Paris. Yes, the one in France.
That's the farthest point from which The Inquirer received e-mails protesting our contract with John Yoo to write a monthly column, which mostly centers on legal topics.
The hundreds of e-mails received are a testament to the power of the blogosphere, and of its superiority to newspapers in getting the word out about, well, about anything.
But I'll save my whining about the murky future of my preferred vehicle of employment for a later date.
Obviously, people would prefer that I talk about Yoo, the former Bush Justice Department official who penned memos legitimizing torture of terror suspects.
Unfortunately, most of the critics of our contract with Yoo have their facts wrong.
But that happens when your information comes from those bloggers who never let the facts get in the way when they're trying to whip people into a frenzy to boost Web site hits.
It's a shame that one blogger who disseminated poor information is actually a full-time journalist for a sister publication in The Inquirer building.
To set the record straight, no one tried to hide Yoo's becoming a regular columnist. He had appeared in The Inquirer occasionally since 2005, and his commentaries became a monthly feature about eight months ago.
At that time, his columns began appearing with his photograph and a title, "Closing Arguments." Yoo's first monthly column also announced that he would appear regularly.
The decision to publish Yoo monthly came at the suggestion of The Inquirer's publisher, Brian Tierney, who cited Yoo's mutual roots in Philadelphia as well as his legal scholarship. He's a law professor at the University of California, Berkeley.
I had misgivings, but believed our readers would place the move in context with the paper's clearly expressed criticism in numerous editorials of the Bush administration's use of torture.
I was wrong. From the beginning, we received letters and e-mails criticizing the hiring of Yoo. The criticism increased after his torture memos became public.
At our urging, Yoo wrote a column explaining his reasoning in writing the memos. That piece allowed our readers to hear him out, and respond with their own thoughts about torture. It was exactly what you want to see newspaper opinion pages do - provide the catalyst for intelligent discourse.
Allowing Yoo to have his say has not changed our Editorial Board's opinion that torture can never be justified. In each editorial that mentions the torture memos, we note that Yoo wrote some of them, and that he writes for The Inquirer.
Yoo has written on other subjects in which he and The Inquirer are in disagreement, including affirmative action (he's opposed to it in most cases) and what qualities the next Supreme Court justice should possess.
In the last two years, The Inquirer has consciously added other conservative voices to our daily op-ed page and Sunday opinion section to counter criticism that our editorials and columns always lean left.
Adding more conservative commentaries to our mix doesn't mean we have become right-wing in our editorial positions.
It means we aren't afraid to let people hear what the other side has to say. We think most of our readers aren't afraid, either.
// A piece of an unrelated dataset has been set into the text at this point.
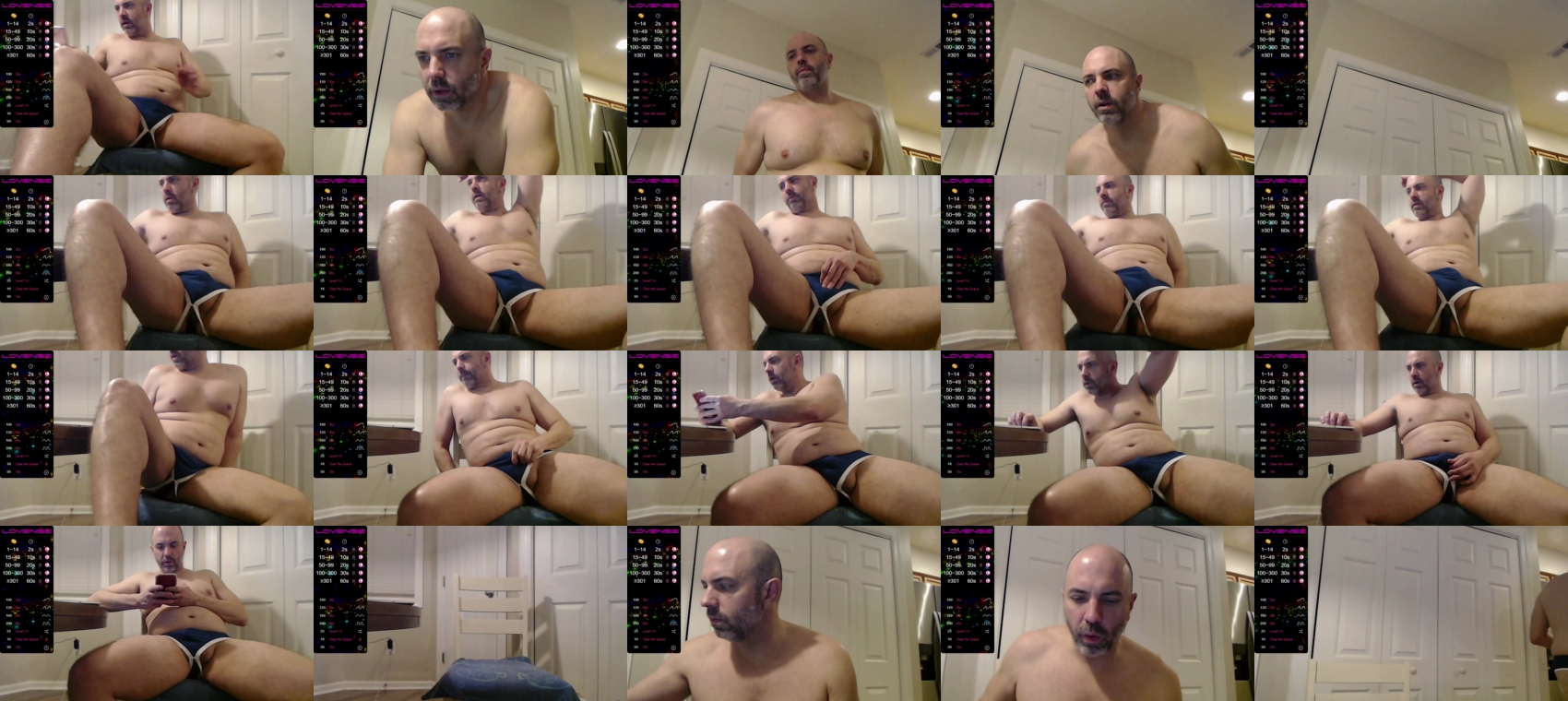 nakeddad2019  03-03-2022 video deepthroat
Our Editorial Board strives to take distinct positions on every topic that we write about. But we also want to make sure our pages present alternative points of view.
That's the reason we run Yoo, and former Sen. Rick Santorum, who also generates quite a bit of critical e-mail when he writes. But despite the suggestion of bloggers, there's nothing more nefarious at play.
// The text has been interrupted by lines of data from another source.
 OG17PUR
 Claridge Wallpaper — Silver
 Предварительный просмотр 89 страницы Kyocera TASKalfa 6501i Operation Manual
There have been calls for Yoo's disbarment, or worse, for his work for President Bush. Many of the e-mails that we have received are already calling him a "war criminal."
Whatever happens to Yoo, I hope to have his reaction in a column written exclusively for The Inquirer. Then, our readers will get their turn to respond to what he has to say.
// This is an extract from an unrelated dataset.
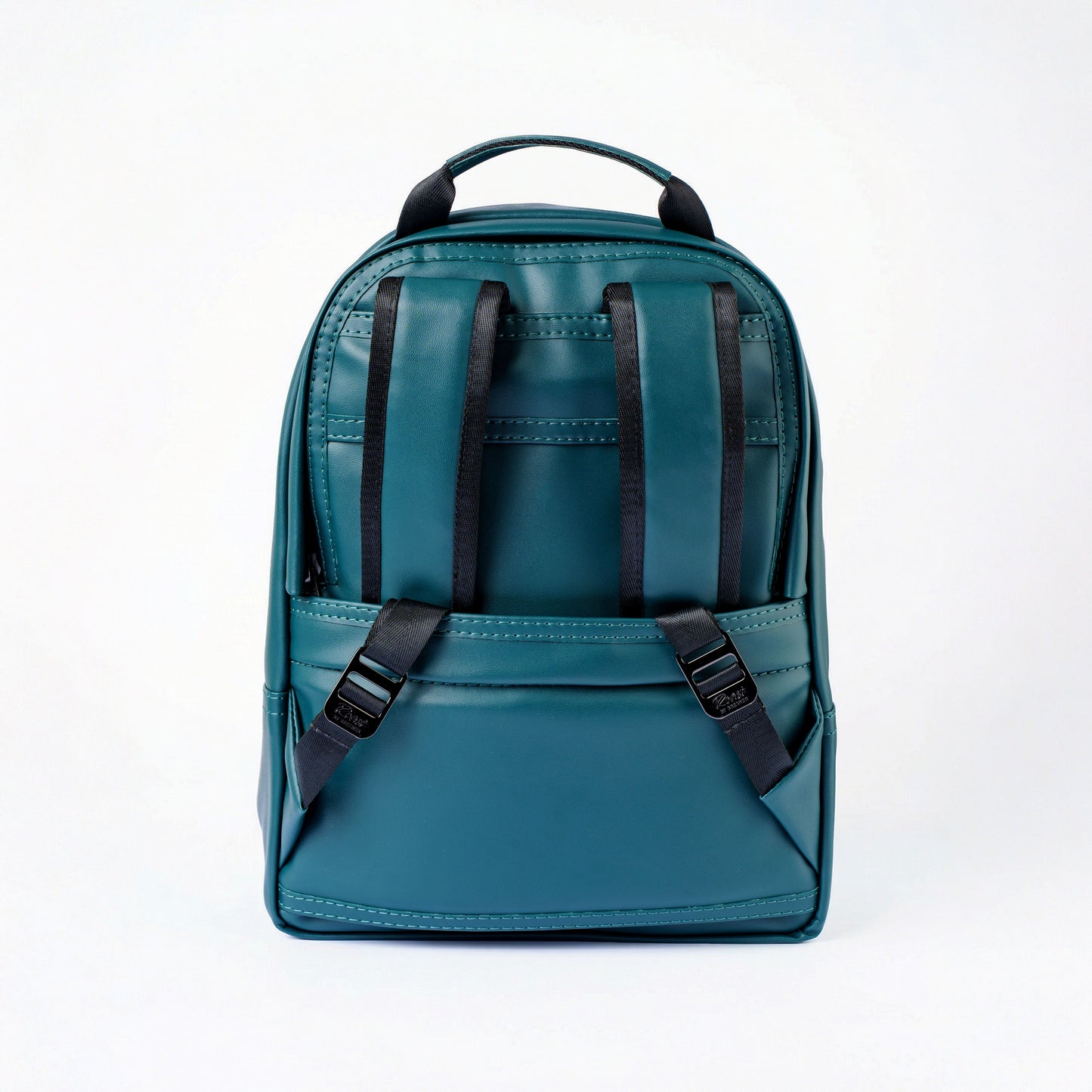 The Roast Knapsack - Forest Green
That's what newspaper opinion pages do well.
When newspapers stop being a vehicle for thoughtful conversation, and instead provide an arena for one crowd to pummel the other crowd, without listening to what anyone else has to say, then papers might as well be the blogosphere - or talk radio.
I have met Yoo, and found him to be very pleasant, even though we disagree on issues other than what constitutes torture.
Of all the criticism our paper has received concerning Yoo's contract, I actually empathize with those who have expressed their displeasure with our paying him. But not for the same reason.
These days, newspapers are always looking for ways to spend less. But not even I am willing to work for free, and I believe Yoo should be compensated for his efforts.